What are the benefits of including visuals in the college classroom?
Aside from varying the pattern and pace of the class, thus keeping your students awake, there are other benefits to this holistic teaching strategy. Students learn to analyze visual communications and tell a manipulative presentation from an objective one. As they encounter effective visual communications, our students will be better able to communicate in our visually rich world.

Who is responsible for teaching visual literacy?
Just as we promote verbal literacy by requiring reading across the curriculum, we all should incorporate visual communication in our teaching. This does not simply mean showing a picture or running a video in lieu of a lecture. It requires critical thinking and analysis. For example, you might ask students to comment on how the content of the presentation compares to other content. Does the visual presentation slant the argument? Is the presentation objective or skewed?

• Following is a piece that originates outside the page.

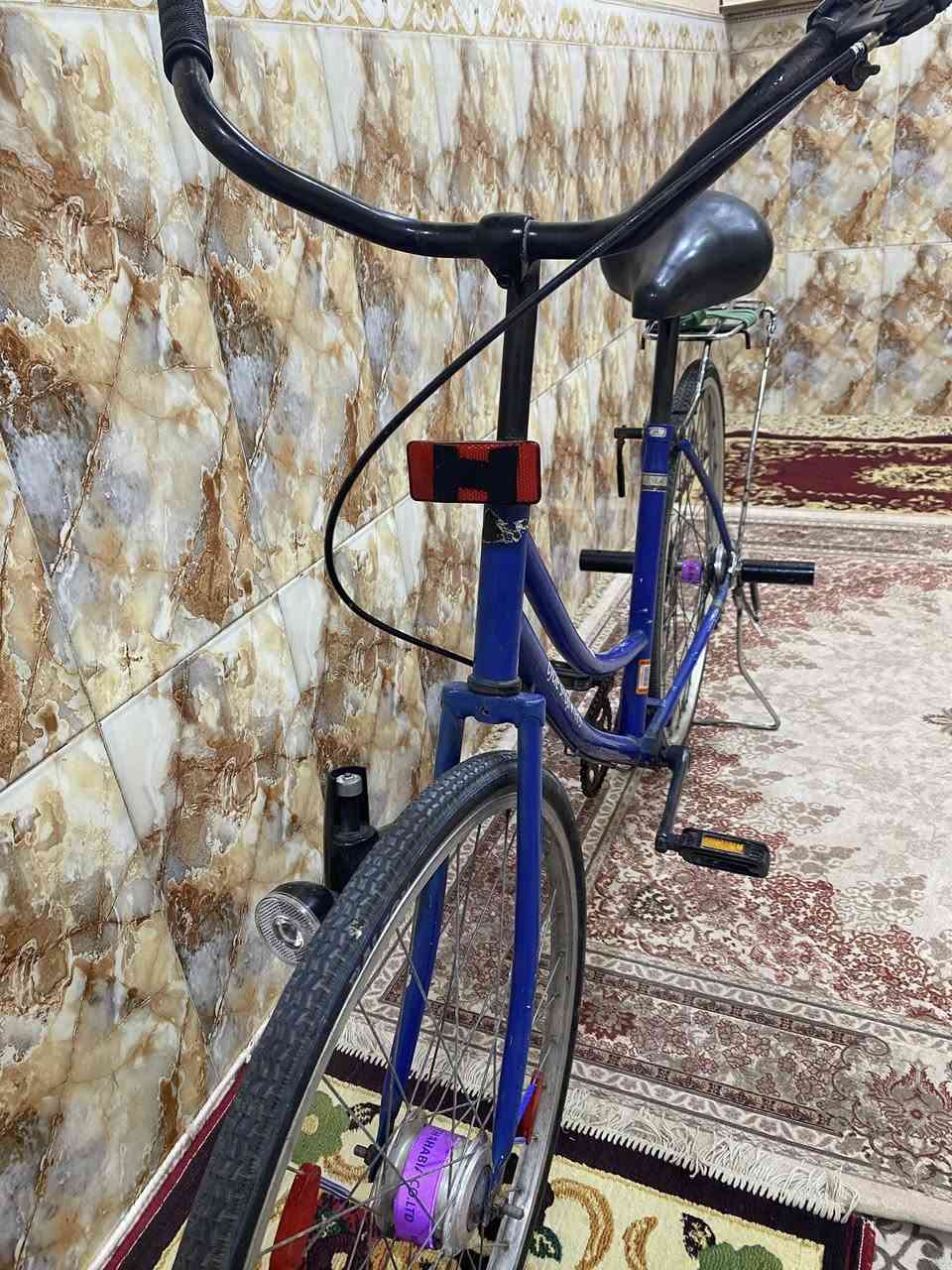 سلام عليكم بيسكل سياحي 26 نظيف كلشي ماناقصه للبيع رايده 75مكاني البصره حيانيه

If my school lacks up-to-date technology, can I include visuals in my classroom?
Visuals need not be high tech and need not even be "pictures." The world around us is visually rich. Just look out the window. A field of grass or a flower bed can be used to study biology, botany, or drawing. Physics instructors teaching velocity and acceleration can have students time the movement of cars passing down a street near the classroom. In computer programming, flow charts
are commonly used. These standardized diagrams help students develop a holistic view of a process. How many other logic-, process-, or sequence-based disciplines could use standardized diagrams?

How can I learn to make more effective visual presentations?
Two suggestions come to mind. First, you might want to take an art class, particularly an elementary course in design. You'll enjoy it, and you'll learn about the design elements and principles that apply to all visual communication.

Second, it is worthwhile to show your visual presentations to someone outside your field and not familiar with the content. They will be able to help you judge the effectiveness of the presentation.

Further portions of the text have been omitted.